The Mag-1 boots have addressed this with a tooth-type adjuster belt along the top that opens the calf section to fit up to a 15-inch calf diameter 11.5 inches up from the bottom of the heel, according to Sidi.
I sometimes have problems with calf fitment on motorcycle boots, even though I wouldn’t call my calves very large. But, I do a lot of walking and hill climbing so there’s some muscle for sure down there.
No problem at all fitting the Mag-1 boots though, even over a pair of leather race pants, as you can see in the video.
I didn’t have to adjust the toothed width belt that fits along the outside of each boot along the top, so there’s plenty more room for adjustment if needed.
The Sidi Mag-1 boots are surprisingly comfortable and that is the first thing I noticed about them. Other than what some might consider an over-the-top look for street or touring wear, the Mag-1 boots have all the protection you need and better comfort than most motorcycle boots of any type.
The new Tecno-3 closure system is much easier to use than previous versions and it now really does allow a custom fit at the arch, ankle and calf.
Dial in just the right amount of snugness for your personal comfort and you’re good to go, all with an amount of fore/aft flexibility that you just won’t find in other race boots.
The new lining material also helps in this regard and even the red liner at the top of each boot helps protect the back of the calf from chafing.
Some motorcyclists will scoff at the idea of wearing full-on race boots on the street, but we’ve received many emails from riders who have gone through a crash and now want the best protection money can buy.
If that’s you and if you’ve avoided race boots in the past due to their clumsy fit and uncomfortable feel, I say it’s time to try a pair of the new Sidi Mag-1 boots and I think you’ll be surprised.
From “G.B.” (October 2014): “I weighed one each Sidi Vertebra, Vortice and Mag-1: 850 g, 1025 g and 1071 g, so the claimed 17% lighter is a bit of a mystery.”
From “S.H.” (September 2014): “My understanding is this boot does not offer hyper extension/flexion protection.

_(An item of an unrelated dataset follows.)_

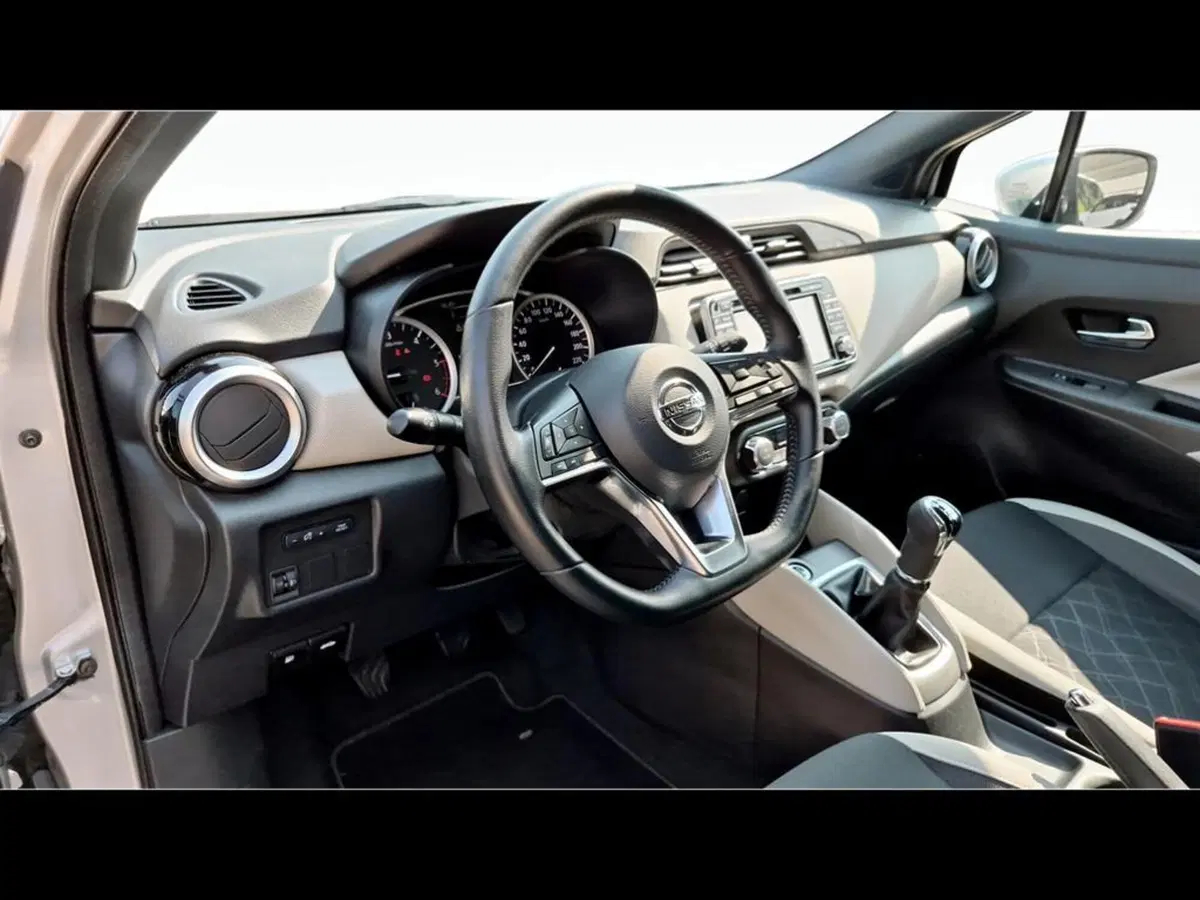 Nissan Micra usata a Varese (9)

Is this true and if so should I be concerned? I’m trying to decide between these and the Alpinestars SMX Plus, I just want a boot that provides the best protection for daily use on the road.
Editor’s Reply: I discussed this with Sidi and I’ll paraphrase what I was told. They said that the Mag-1 was designed to offer good protection at a very light weight. It was not intended to be as protective as the Sidi Vortice boots (review).

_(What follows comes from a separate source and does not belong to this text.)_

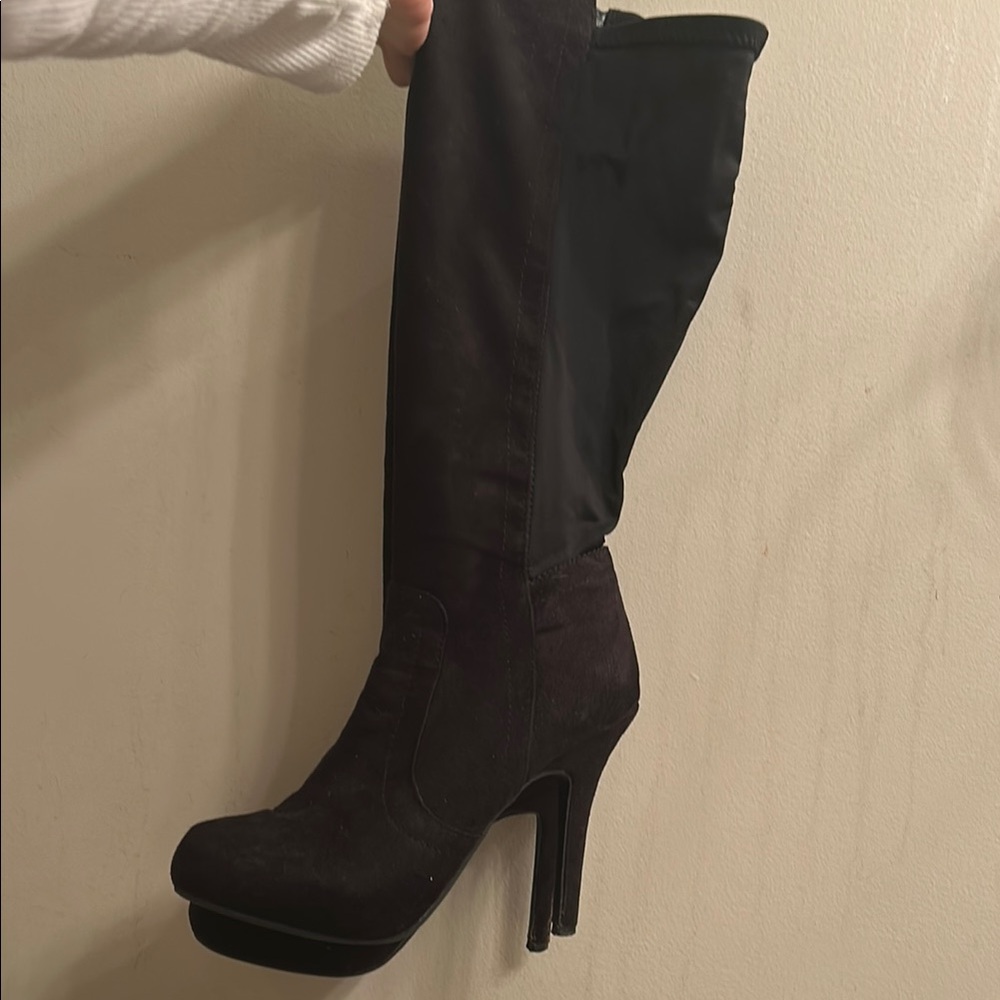Elegant Black Knee-High Women's Boots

The design of the Mag-1 does not limit rearward flexing; Sidi said that in their research and discussions with medical experts, the consensus is that very few motorcycle injuries happen in this direction.
The side-to-side flex in the Mag-1 is limited but isn’t as firm as the Vortice. However, it’s equal to or better than most other top end race boots.
Sidi wanted to have 2 high end race boots: Ultra protection with the Vortice at the expense of higher weight and light weight in the Mag-1. So there are some compromises vs. the Vortice, according to Sidi, but not vs. many competitors.